We were first to report last September on the launch of the Ambassador Fund, which counts its investment advisor as Embassy Asset Management LP and sits as a series under the Investment Managers Series Trust II, which is sponsored by the fund arm of UMB Bank, UMB Fund Services, Inc., alongside Mutual Fund Administration, LLC.

Its launch continued the trend of bringing ILS investment opportunities to a wider range of investors in the United States, being registered as a non-diversified mutual fund structure under the Investment Company Act of 1940.

At launch, the Ambassador Fund was positioned to have a primary focus on investing in catastrophe bonds, but with the ability to also invest in other insurance-linked assets, such as collateralized reinsurance, quota shares, excess-of-loss deals and industry loss warranties (ILW’s).

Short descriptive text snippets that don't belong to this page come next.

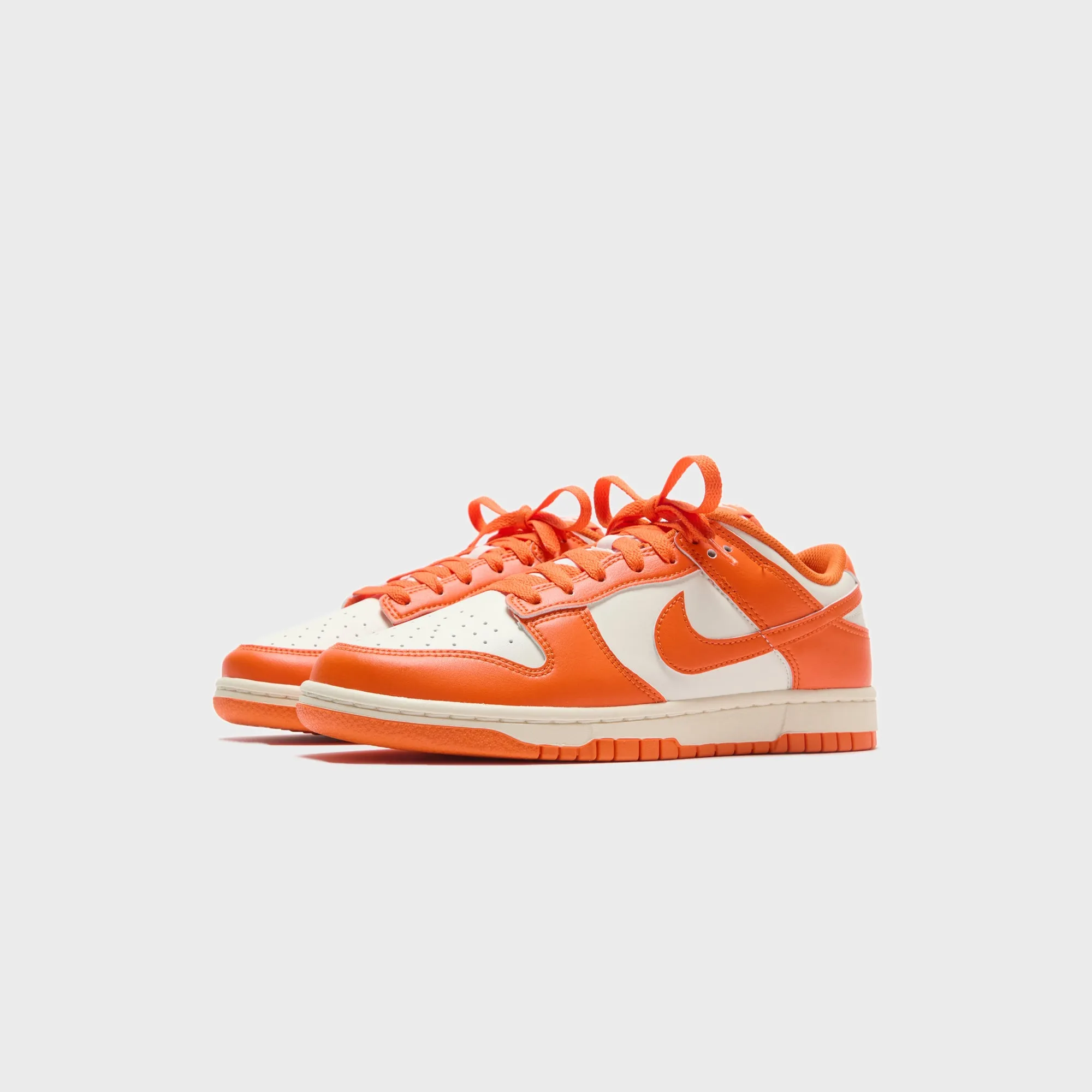 Nike Dunk Low Retro - Pale Ivory / Safety Orange Stud
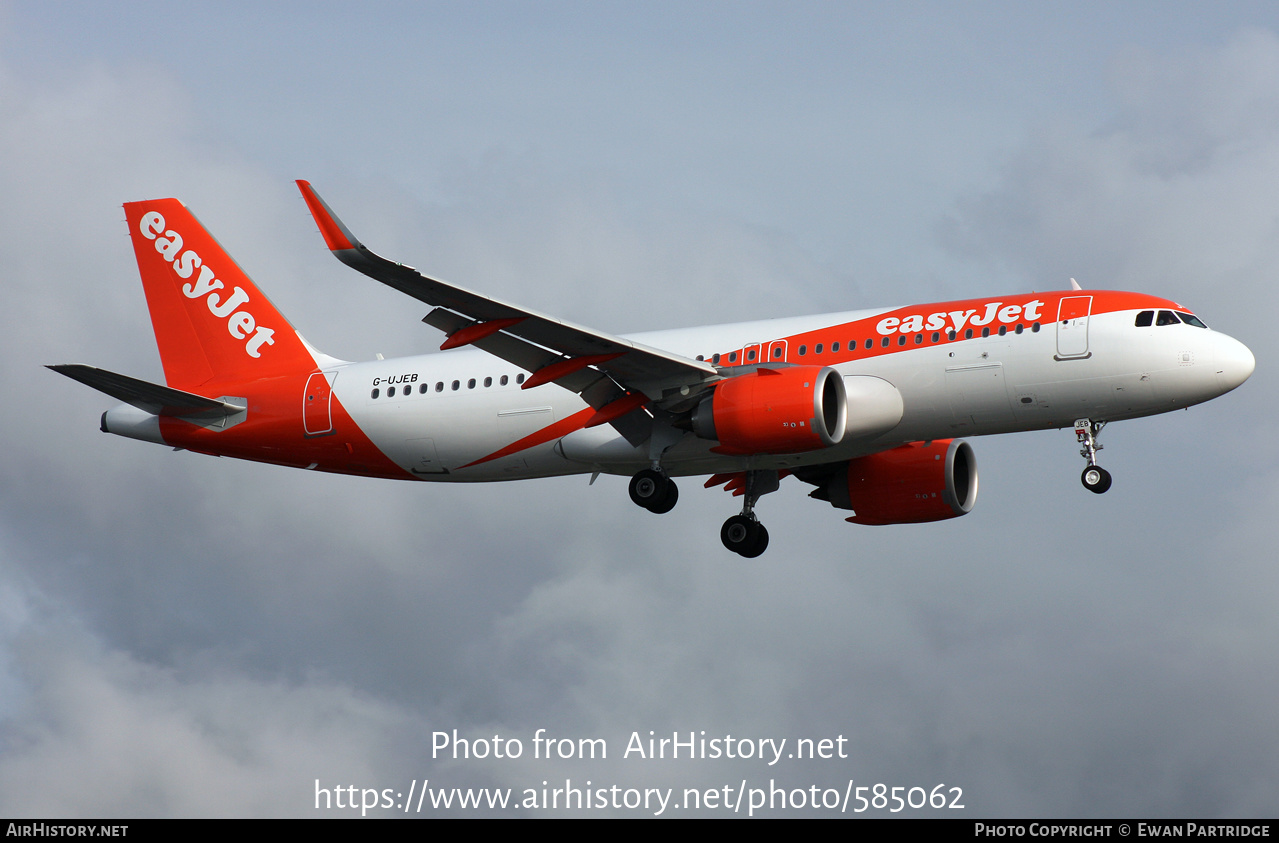 Aircraft Photo of G-UJEB | Airbus A320-251N | EasyJet | AirHistory.net #585062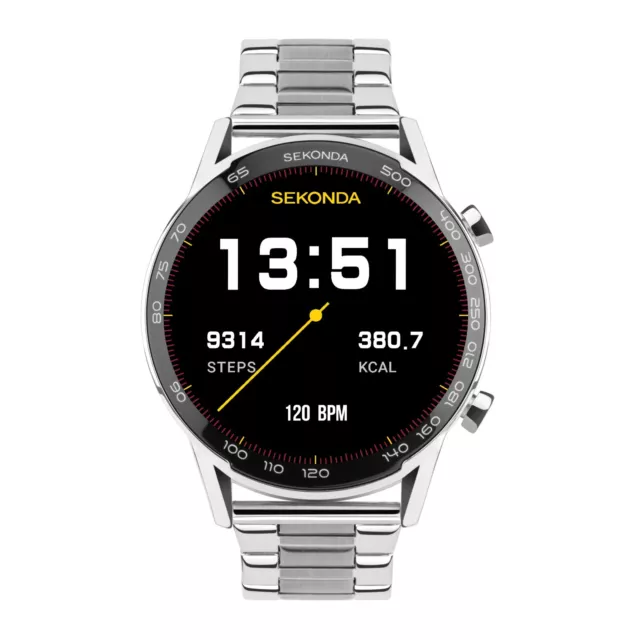 Sekonda Mens Active Plus Smart Watch Brand New Boxed RRP £99.99 Model 30177
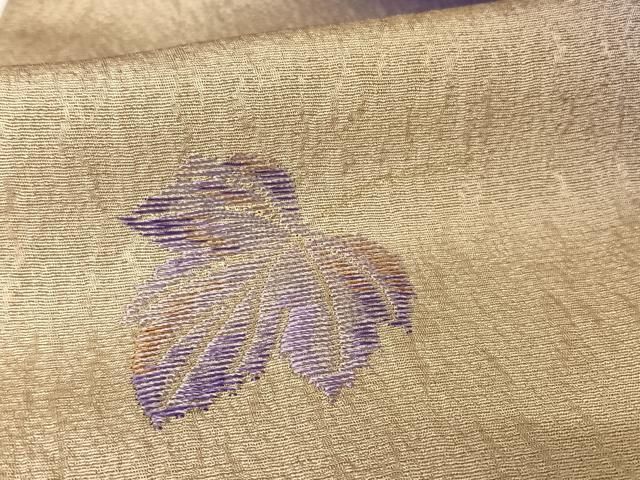 平和屋着物○訪問着 作家物 蔦の葉文 暈し染め 金彩 金糸 さが美扱い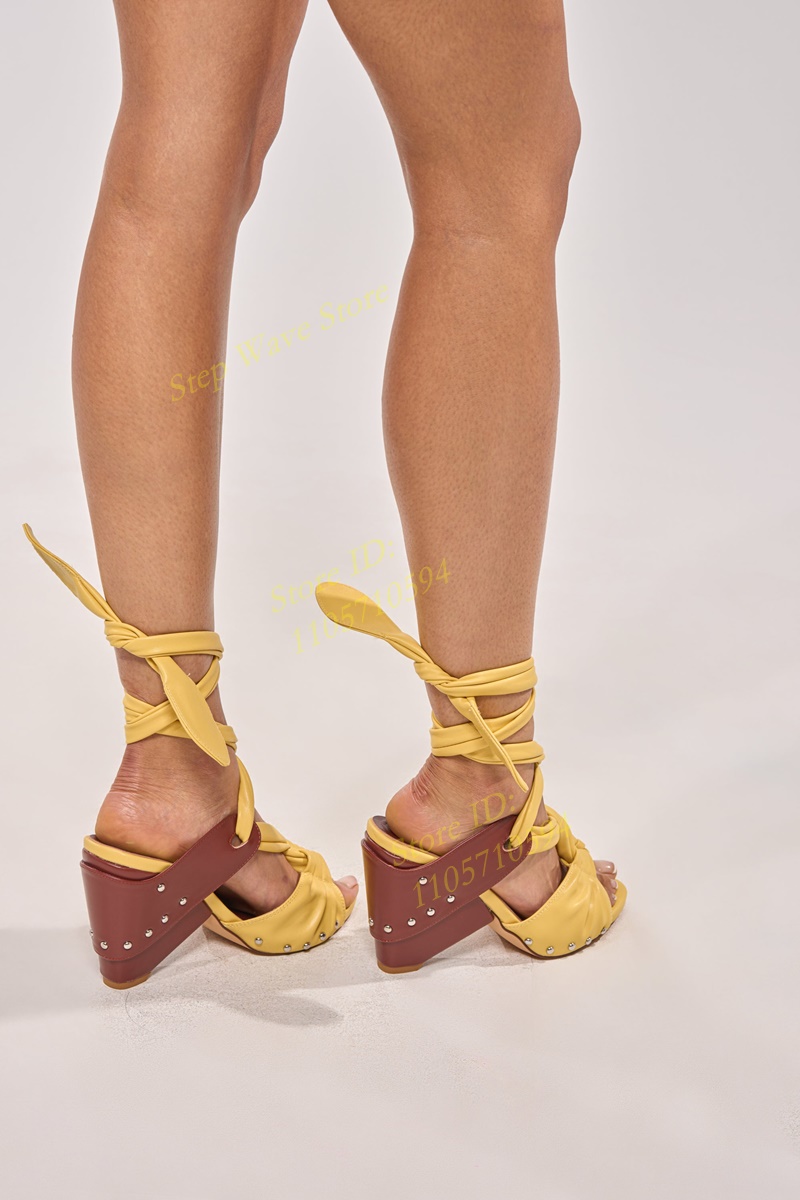 Żółte sandały z imitacji skóry – Women'S Shoes Yellow recenzja i cena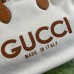 Gucci Medium Tote Bag in Canvas with Brown Gucci Print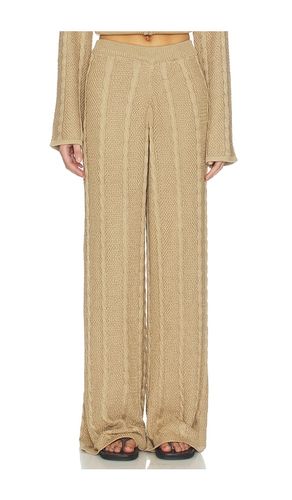 Cici Cable Knit Pant in . Size L. Also in M, S, XL, XS, XXS - SNDYS - Modalova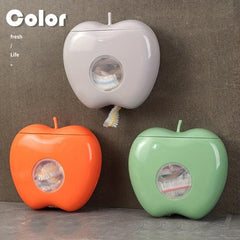 Wall-mounted Cling Bag & Clingfilm Organizer Storage Box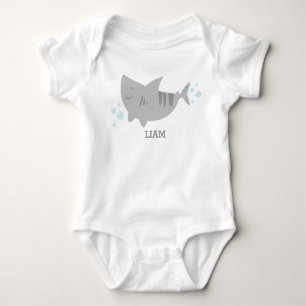 Cute Baby Tiger Shark Onsie T-Shirt Baby Bodysuit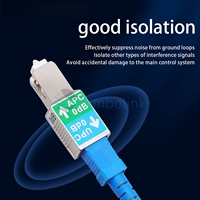 Convertisseur de fibre optique monomode personnalisé SC/APC mâle SC/UPC femelle 0dB Adaptateur de connexion d'interface de câble de fibre optique 5G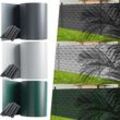 PVC Sichtschutzstreifen Doppelstabmatten Zaun Gartenzaun Sichtschutz Anthrazit PVC Sichtschutzfolie für Doppelstabmattenzaun.4x35m.Schwarz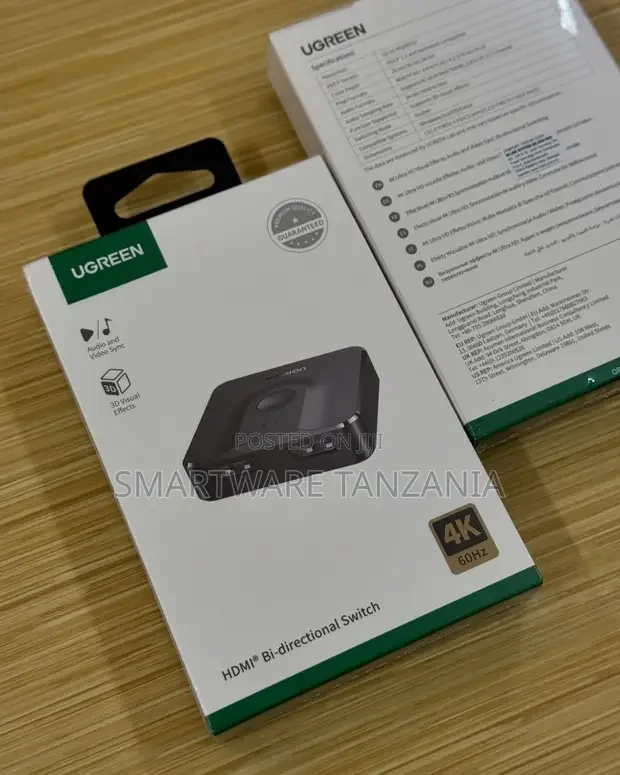 Ugreen HDMI Splitter 2 In 1 Out for TV, Xiaomi, Xbox Series X - Buy in Dar es Salaam, Tanzania | Smartware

We were also first to report in December that Tangency Capital Ltd., an insurance-linked securities (ILS) investment manager that originally had a focus solely on quota share reinsurance business, was set to take on the portfolio manager role for the Ambassador Fund.

Then, in May this year, we reported first that the investment strategy had been broadened in the prospectus for the Ambassador Fund, with what began as a cat bond strategy seemingly expanding in scope to include a remit to invest in a range of other insurance and reinsurance-linked assets.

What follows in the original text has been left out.